Isil – in the House of Commons am 2:30 pm ar 23 Chwefror 2015.
What budgetary assumptions he is making to inform the strategic defence and security review.
The Government’s priority remains the delivery of the 2010 strategic defence and security review. The next SDSR will not begin until after the election.
Does the Secretary of State agree that all the major parties in the coming election should commit to a real-terms increase in the defence budget and to the 2% NATO target, because only that way can we hope to keep our nation safe in an increasingly hostile and menacing world?
Since the 2010 SDSR, our planning assumption has been that real growth in the defence budget, with 1% growth on equipment, is required to deliver the highly capable and adaptable armed forces that we set out in Future Force 2020. The scale of our current operations in Kabul, the middle east and Sierra Leone underline the value of the flexibility that we encouraged in that review.

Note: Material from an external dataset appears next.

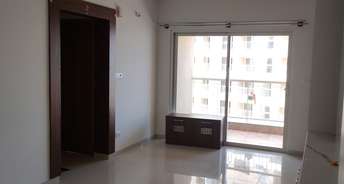 2 BHK Apartment For Rent in Bhartiya Nikoo Homes Thanisandra Main Road Bangalore 6193779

So far as the future is concerned, we are spending £34 billion this year; we will be spending £34 billion next year. It is time we heard from Labour whether it will match that spending or whether it plans to cut it.

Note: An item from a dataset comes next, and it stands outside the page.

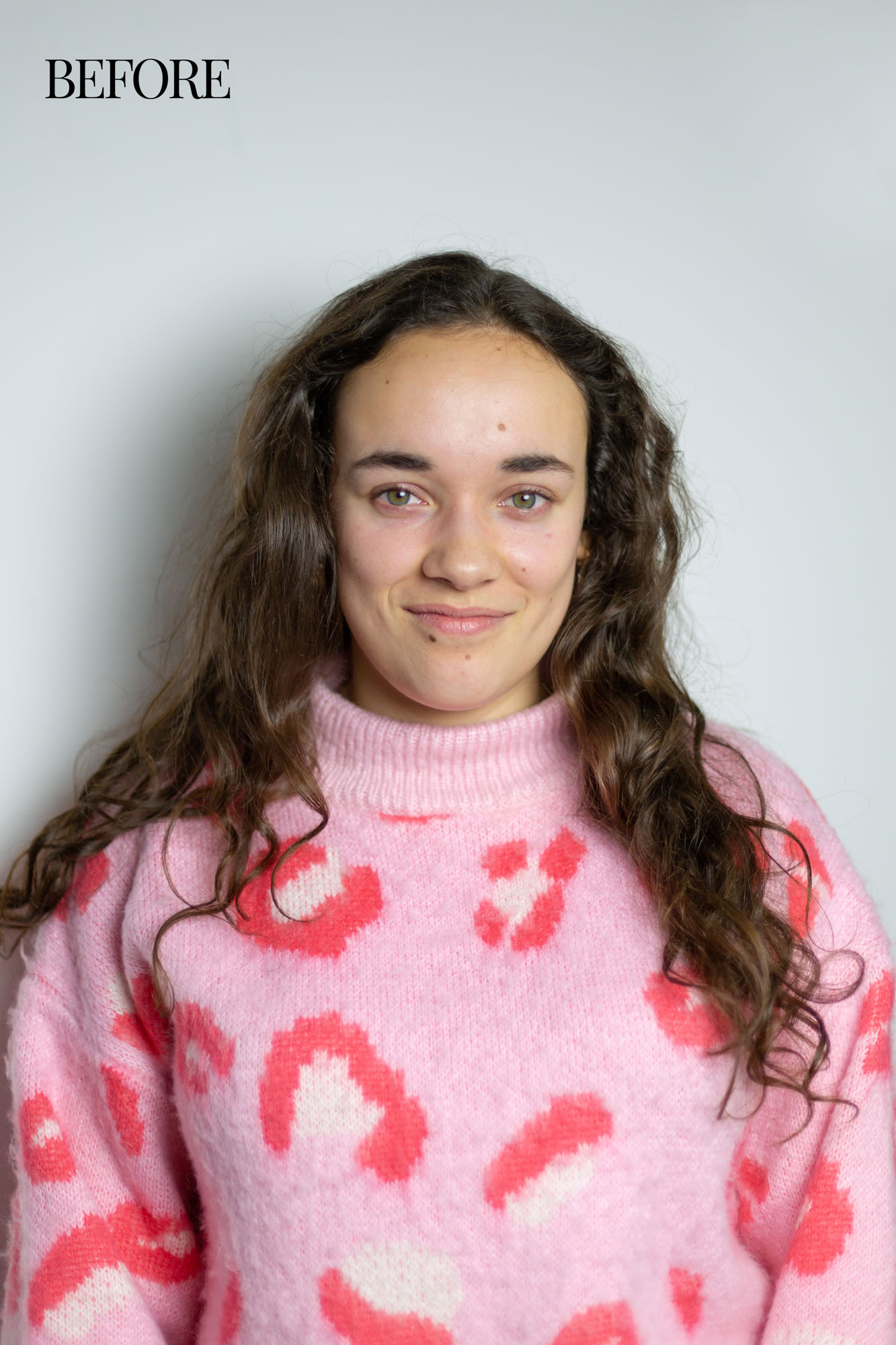 Portretfotografie - Studio Juniek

I congratulate the Defence Secretary on highlighting the real and present danger posed by Mr Putin’s Russia to the stability of Europe and the threat posed by ISIL. Does he agree that it would be folly for the United Kingdom to cut its defence expenditure below the minimum requirement of 2% that NATO has set?

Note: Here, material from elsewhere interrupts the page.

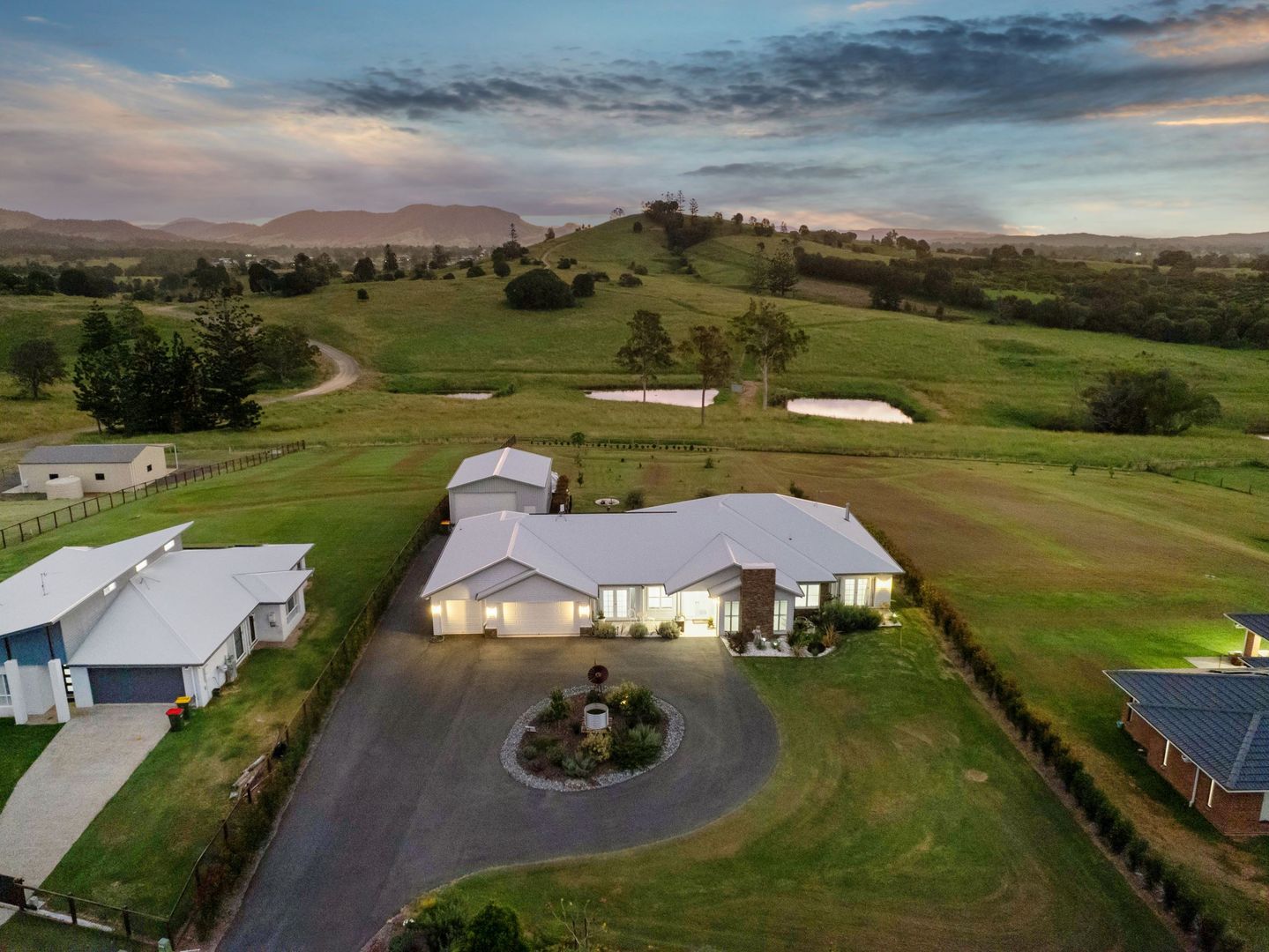 468 McIntosh Creek Road, McIntosh Creek QLD 4570, Image 1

I am grateful to my hon. Friend. I have set out our planning assumptions for the current defence budget, but I still think we ought to hear exactly what the Opposition’s plan is. Are they going to match our £34 billion a year, or are they going to cut it? Is it match or cut? [Interruption.]
Not very statesmanlike. Mr Jones, you aspire to be a statesman. I have sought to encourage and nurture your ambitions. [Interruption.] No, he says from a sedentary position. Don’t be so unambitious, man, for goodness’ sake.